Apple Claims Smartphone Infringement, Deals Blow to HTC
California – The U.S. International Trade Commission (ITC) ordered a ban on HTC handset imports to the United States in a final ruling this week. The ban will take effect on April 19, 2012 allowing wireless carriers to modify their plans.
Apple initially claimed that HTC infringed on several of its patents, but the commission focused on a single patent involved with detecting data. The patent, number 5,946,647, encompasses a “system and method for performing an action on a structure in computer generated data,” and was granted in 1999. The technology allows a smartphone user to tap on a recognizable format such as an address or phone number from an e-mail or a website. The phone immediately locates the address on a map or dials the phone number.
Under the ban, the HTC Corporation will still be allowed to import refurbished mobiles to satisfy warranties. The patent will affect a small part of overall phone function and HTC may remove the feature from infringing phones without rendering the entire phone unusable. Other phones may also be affected by the ban.
This ruling is the latest in a larger dispute involving the ITC and federal courts, encompassing HTC and other phone makers who are accusing each other of stealing technology. Apple wants the courts to award damages, and the commission to block imports of infringing products.

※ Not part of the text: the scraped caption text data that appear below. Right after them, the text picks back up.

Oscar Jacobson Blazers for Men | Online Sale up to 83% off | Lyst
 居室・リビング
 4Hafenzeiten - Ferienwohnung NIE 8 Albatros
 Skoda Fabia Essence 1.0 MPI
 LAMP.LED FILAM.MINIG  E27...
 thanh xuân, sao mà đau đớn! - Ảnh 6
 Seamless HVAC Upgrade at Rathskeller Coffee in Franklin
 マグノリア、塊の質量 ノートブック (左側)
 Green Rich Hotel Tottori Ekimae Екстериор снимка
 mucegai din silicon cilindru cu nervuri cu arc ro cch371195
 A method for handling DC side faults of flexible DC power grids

HTC is a Taiwan based company with offices in Bellevue, Washington. It developed the G1, the first Android smartphone, and built a market share featuring the company’s unique Sense user interface. In an earlier October ruling, the ITC held that the Apple iPhone did not violate four HTC patents. It is the first Android supporting company Apple has targeted, foreshadowing possible future litigation due to a growing threat of Google software affecting the iPhone market.